=== Begin Enclosure ===

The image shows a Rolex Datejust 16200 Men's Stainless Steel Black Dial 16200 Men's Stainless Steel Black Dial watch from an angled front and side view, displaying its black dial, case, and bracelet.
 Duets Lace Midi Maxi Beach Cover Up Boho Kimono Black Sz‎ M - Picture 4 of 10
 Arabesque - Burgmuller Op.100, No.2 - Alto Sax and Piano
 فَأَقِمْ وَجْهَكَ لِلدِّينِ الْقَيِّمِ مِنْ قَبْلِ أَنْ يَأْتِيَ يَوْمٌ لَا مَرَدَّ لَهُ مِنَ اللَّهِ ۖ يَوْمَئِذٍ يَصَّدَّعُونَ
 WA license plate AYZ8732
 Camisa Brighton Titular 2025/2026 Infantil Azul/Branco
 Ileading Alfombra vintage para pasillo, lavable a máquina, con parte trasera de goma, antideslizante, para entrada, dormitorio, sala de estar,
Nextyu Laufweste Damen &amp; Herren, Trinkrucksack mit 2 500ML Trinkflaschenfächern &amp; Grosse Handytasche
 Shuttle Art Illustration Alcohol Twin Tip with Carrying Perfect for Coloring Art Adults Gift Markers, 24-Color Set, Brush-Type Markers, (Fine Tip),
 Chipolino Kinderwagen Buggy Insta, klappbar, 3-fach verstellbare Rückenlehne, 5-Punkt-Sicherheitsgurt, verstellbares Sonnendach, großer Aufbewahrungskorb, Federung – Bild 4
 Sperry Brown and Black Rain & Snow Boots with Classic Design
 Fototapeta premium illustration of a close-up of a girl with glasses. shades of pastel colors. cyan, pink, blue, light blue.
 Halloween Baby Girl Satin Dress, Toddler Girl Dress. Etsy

=== End Enclosure ===

■ Assignment
Go through the material above line by line and state how many lines contain "with". Give only the number.

■ Output for this exercise
3